Yes, I do love buying more books but at the same time I get really nervous if I have too many books on my physical TBR pile. So naturally what I should do is first read those books and then buy new ones. That would be the logical thing to do. Still, I was lured into thinking I needed more books and what is even worse is the fact that I felt ashamed for not buying as much of them as others do. Welcome to the land of consumerism and artificially created needs.

From now on I’ll try to be more rational about my purchases and while watching a video on booktube I’ll remind myself that I don’t have to buy books in order to qualify as a booklover. I’ll continue to add new purchases to my book shelves, one book at a time. Slowly but steadily I’ll build my library and even if I only have like a thousand or so books in it (which still sounds pretty impressive to me!) I’ll be happy with it. It doesn’t matter how many books you own as long as you are in love with every single one of them.

I like best to have one book in my hand, and a stack of others on the floor beside me, so as to know the supply of poppy and mandragora will not run out before the small hours.

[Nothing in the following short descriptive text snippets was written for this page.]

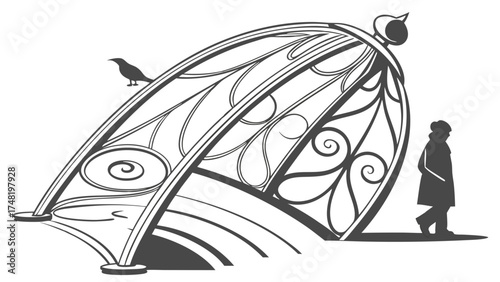 Abstract Silhouette Design Featuring a Decorative Structure and Bird.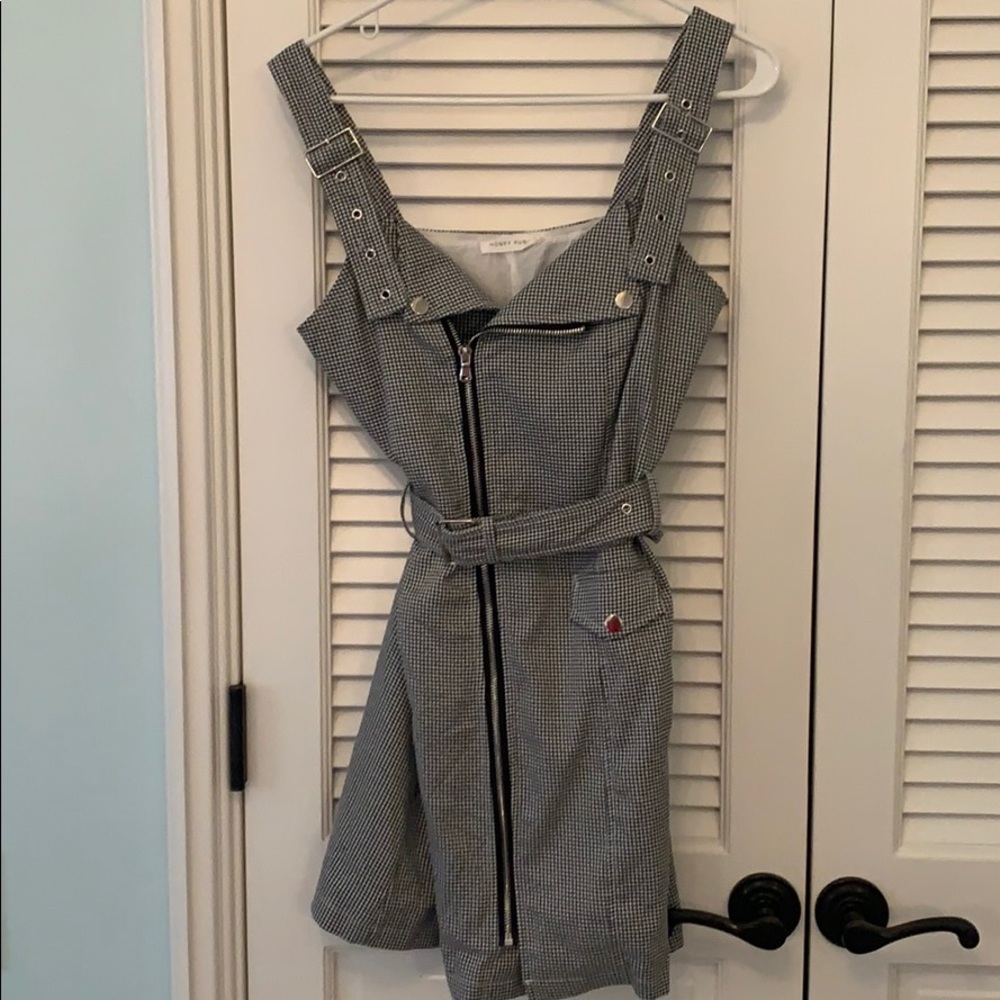 Black and white checkers moto mini dress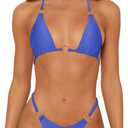 Sexy Bikinis for Women 2 Piece Bikini Spaghetti Strap Swimsuits Solid Color Bathing Swimwear Triangle Bathing Suit, Small, Bright Royal Blue 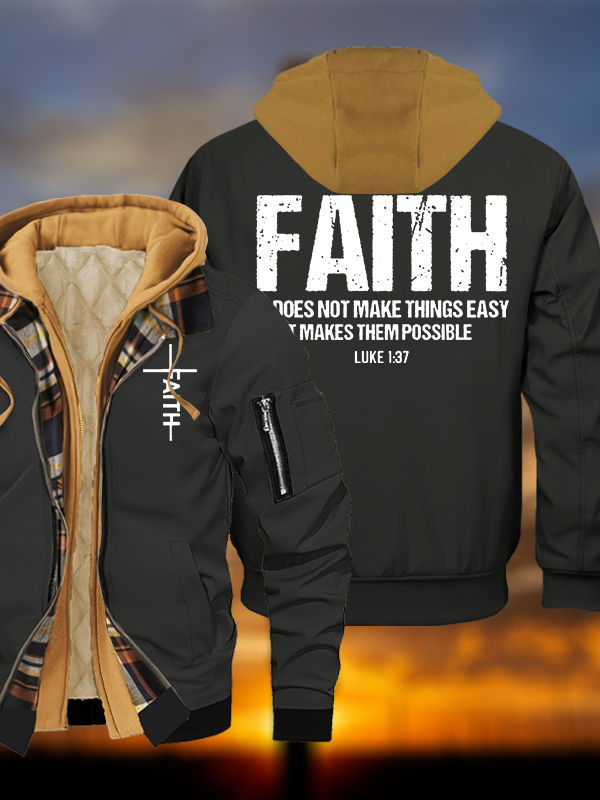 Faith Jesus God Christian Warm Hooded Bomber Jacket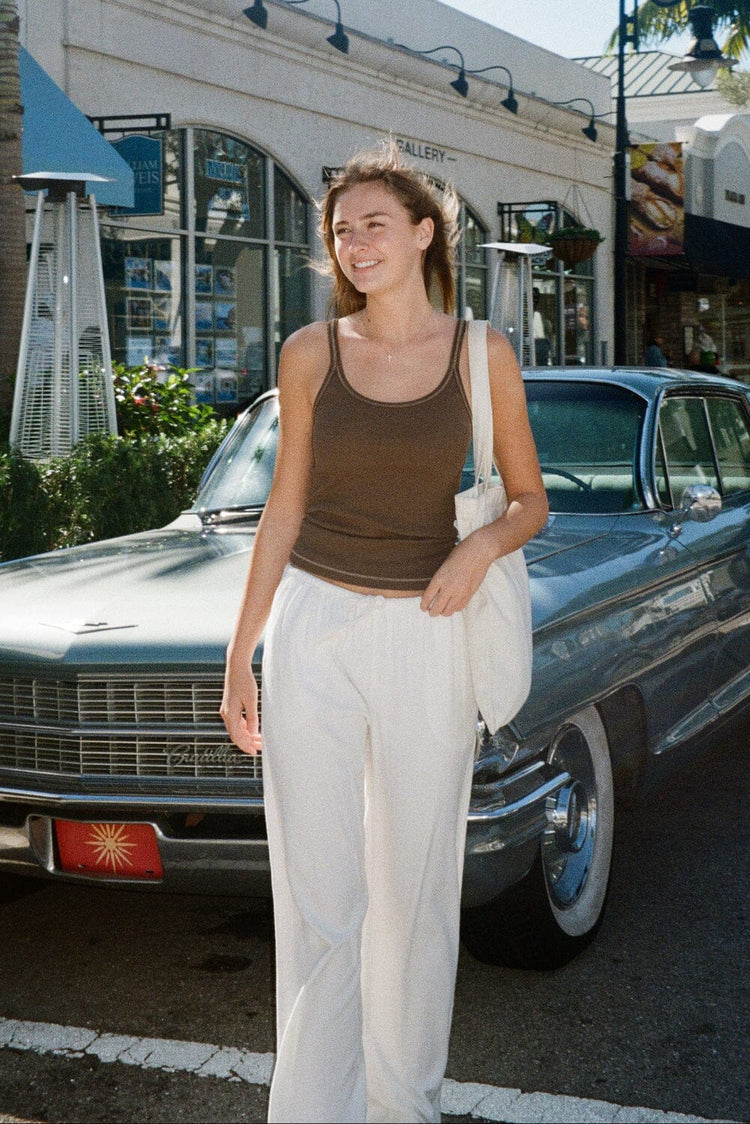 Beyonca Long Tank | Mocha / Regular Fit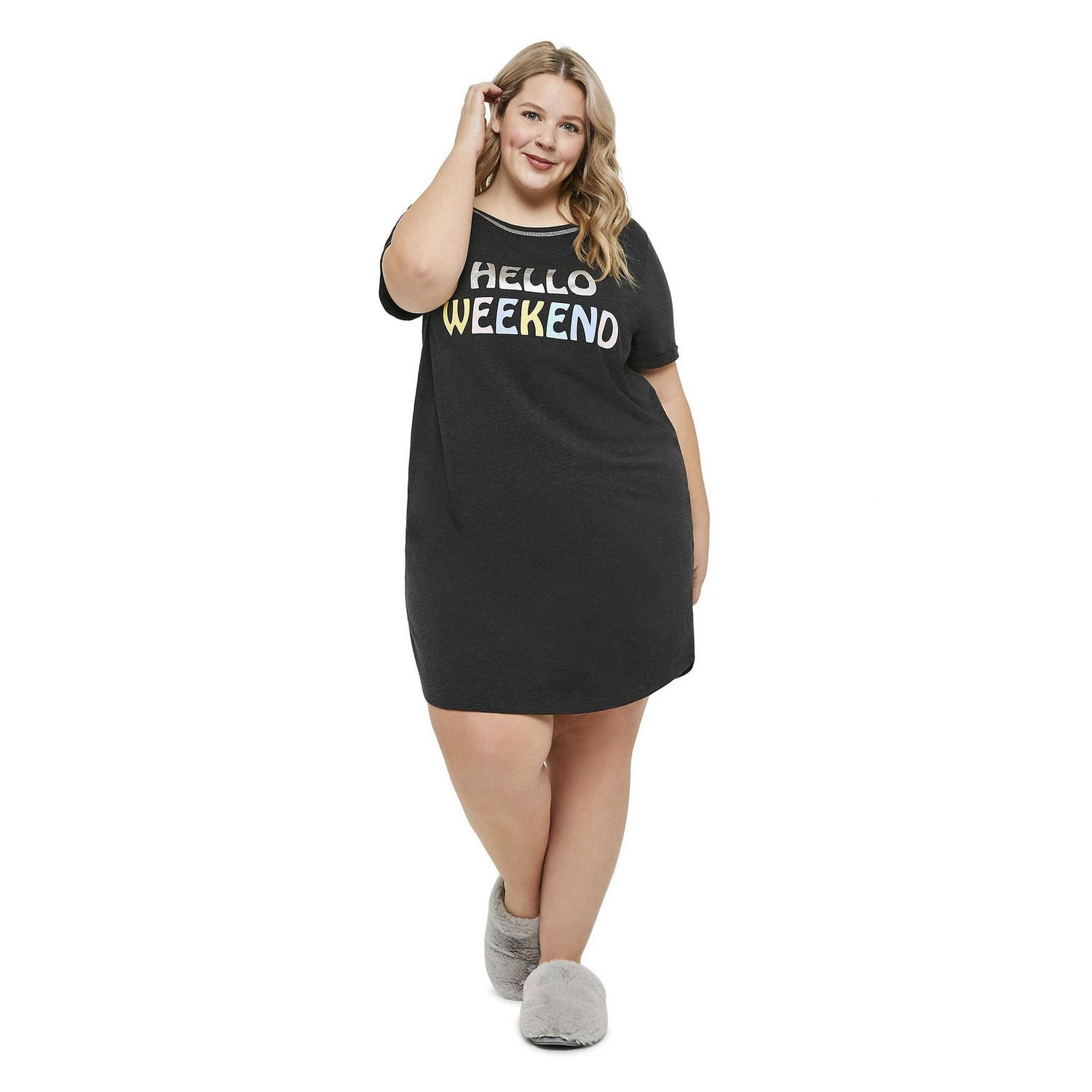 Chemise de nuit avec revers roulés George Plus pour femmes
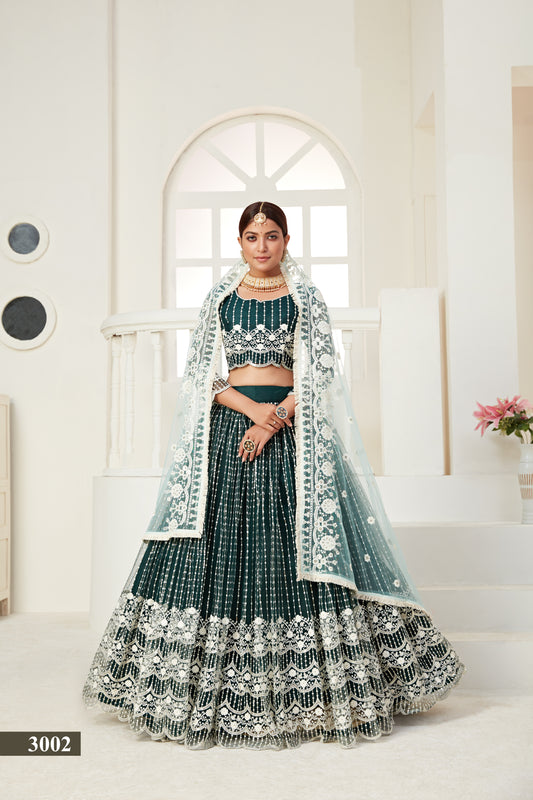 Elegant Green Butterfly Net Lehenga Blouse Set with Multi and Sequin Work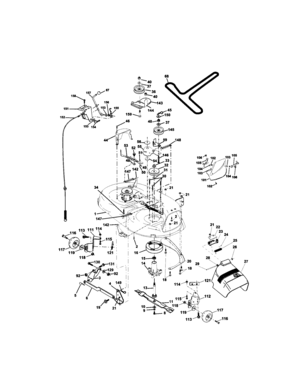 Mower Deck Diagram and Parts List for 917271732  Craftsman Lawn Tractor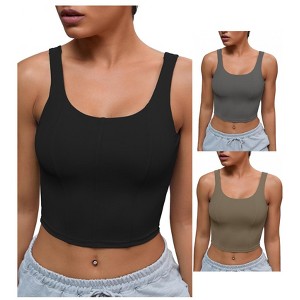 INSPIRE CHIC 3 Pcs Womens U Back Longline Padded Sports Bra Cami Crop Workout Fitness Tank Top with Built in Bra - 1 of 4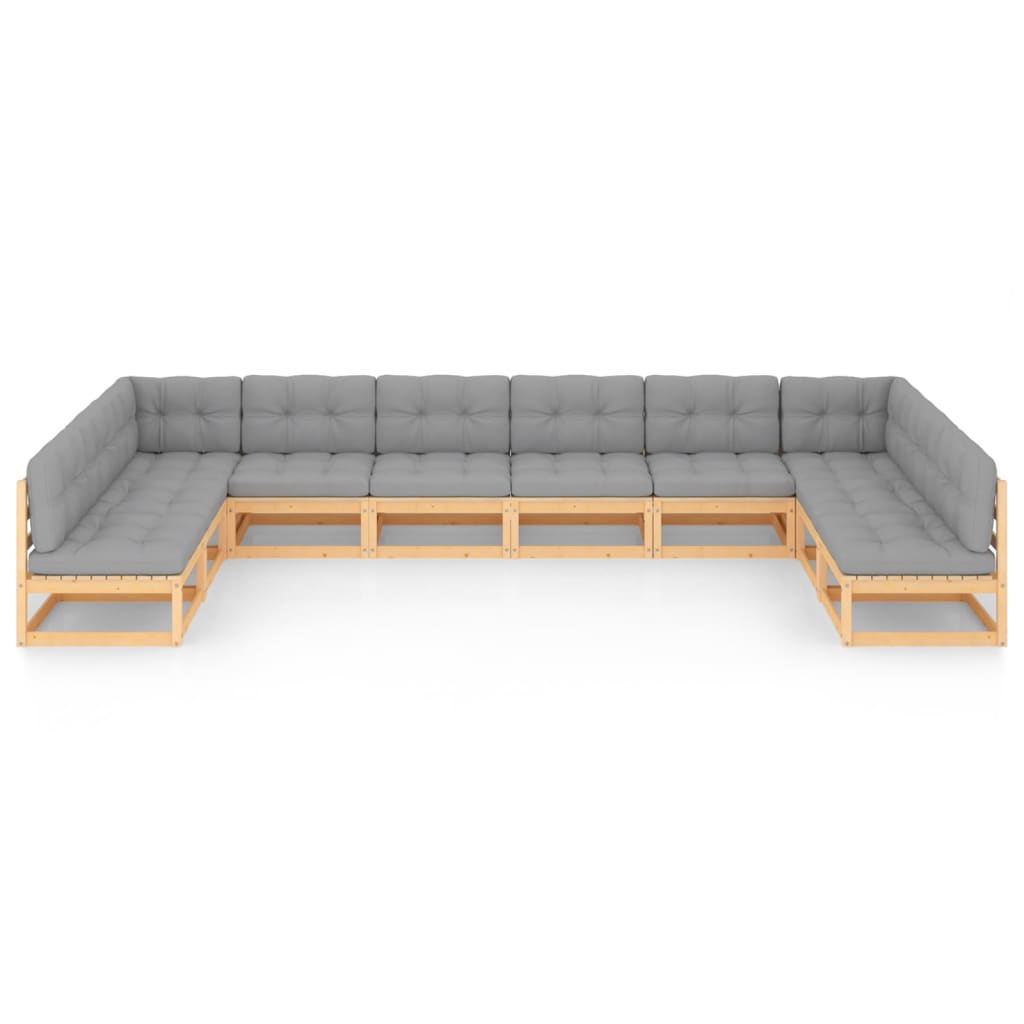 10 pcs conjunto lounge de jardim c/ almofadões pinho maciço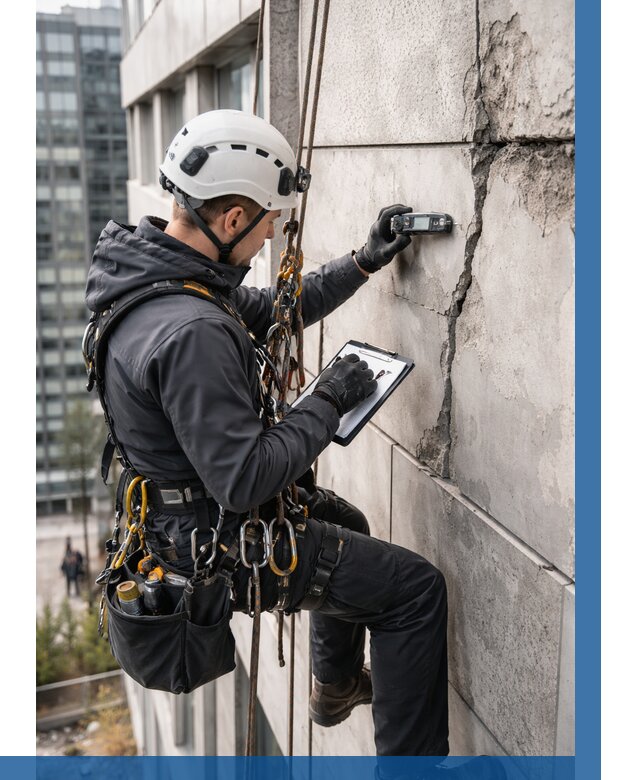 Обследование фасада альпинистами в Новошахтинске от 125 р. | ВЫСОТНИК-Нвш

Dorothy Parker, The Collected Dorothy Parker

I don’t feel like reading tonight

I confess – I’m not always in the mood to read. After a long day spent at uni and an even longer drive back home I’m often too tired and anxious to read and I just need something to keep my mind from overthinking. So instead I turn on my computer and watch a new episode of my favourite TV series or I sit in front of the TV and let myself be drawn to that state of numbness which is typical for when you’re staring at the screen. And yes, I love reading, I absolutely adore it, but sometimes I let the book sit in the corner and I turn away from it.

As a new bookstagrammer and bookblogger I often feel pressured to read. I look at other profiles on Goodreads and compare my reading challenge to other people’s and I feel this knot in my stomach and a voice in my head starts whispering ‘you’re not doing enough, you should read more books’. And this little voice puts me in a momentary state of despair because I feel like I can never read enough books and can’t possibly compete with more serious and well-established bloggers.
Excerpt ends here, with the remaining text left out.